Jesus. The guy had never had a chance. Duke said, “You should come to football night.”
“I’ll be in the library.”
“I didn’t tell you what night it was.”
“I’m always in the library.”
Nuke suddenly realized how incongruous it was that Lee was here in the pizza parlor at all. “Why are you here now?”
“A study group. As if anyone smart enough to be pre-law shouldn’t know that a pizza hall is no place to get proper work done.” Lee’s fingers crept up on the plate again. Like a predator slowly stalking his prey on the savannah. Like he thought the pizza might get away. It made Nuke unexpectedly sad, pinched him shut and stung him, deep inside. He thought, look at this lonely, pathetic creature who isn’t allowed to have any decent food.
“Your dad won’t know if you take one night off,” he said.
“He will when he gets my grades.”
“Lee. It’s three hours. It’s shorter than an opera.” Nuke was guessing. He didn’t know anything about opera, but it certainly seemed like it would be interminable.
“He’ll know,” Lee said, a hint of bleakness in his tone, something that made Nuke hurt in that small, pinched part of his chest again. “I can’t—I don’t…there are rules.”
“Rules are made to be broken.”
“That’s not how it works in my family,” Lee said.
“It’s just pizza,” Nuke said gently. “It’s okay.”
Lee finally moved, reaching out with a tentative hand, like he thought Nuke might rip the plate out of reach at the last second. And then pizza made its way to Lee’s mouth, and chewed with a furrowed brow for all of two seconds before his eyes closed and he sighed, low and throaty and happy.
“Nice, huh?” Nuke asked, weirdly captivated.
Lee opened his eyes, a mixture of guilt and pleasure written all over his face. Being a Hapsburg, he probably thought pizza was a gateway drug to meth or something. Also being a Hapsburg, he finished chewing and politely wiped his mouth on a napkin before he sighed, “I don’t know why you’re doing this.”

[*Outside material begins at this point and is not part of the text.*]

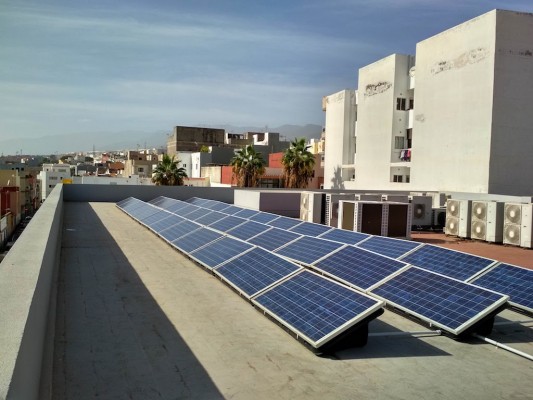 García-Ontiveros propone en Elche los fondos europeos para placas solares en edificios municipales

Nuke wasn’t entirely sure why either. But here was a kid who’d gone without pizza his whole life, and Nuke was in a position to help. “Charity,” he decided. “Everyone needs junk food.”
“That doesn’t explain why you’re in my booth,” he said.
“Squatter’s rights,” Nuke reminded him.
“Why are you—”
“Does it matter?” Nuke asked impatiently. “You either want me to go or you don’t.”
Lee studied him. His gaze dropped to the pizza. Then he looked at Nuke again, something flinching in his gaze.
“I won’t get you in trouble,” Nuke promised. He didn’t mean to say it. It just came out. “No matter how mediocre I get. I’m fun, not trouble.”
Lee didn’t answer, but he took another bite of pizza, and that was as good as agreement. Nuke’s tension unraveled. There. Finally. He took a bite of his own slice.
After they’d gotten started on their second helpings, Lee asked, “Do you really want to paint me?”
“Sure. Are you surprised?”
“Not really. I’m classically handsome,” Lee said without ego, like you might say that a fresco was from 1840 or something. Like it was an uninteresting fact that brought him no pride.
“True. But I don’t want your face. I want your watch. Specifically, I want your Rolex spattered with tomato sauce.”
“Oh,” Lee had said, surprised. Maybe flattered. “That sounds obvious too.”
“I told you I was failing out. But the heart wants what the heart wants.”
Nuke smiled and Lee smiled back, and then they were best friends.
***
“Oh, gross,” Nuke says.
And then he sees Lee out of the corner of his eye and says, “Oh, shit.”
And then Lee is gone, leaving his laptop behind, the front door open in his wake. The distant purr of the Beamer’s engine starts, all before Nuke has time to turn and catch his arm, to stop him and explain, and then he’s alone in his dining room with a different video of a different woman getting pissed on, the raucous football game a caustic counterpoint to the emptiness in the room.
Lee doesn’t answer his phone when Nuke calls. Not the first call, not the third, not the tenth.
Sitting in front of the television, oblivious to the score, Nuke says, “Oh, fuck.”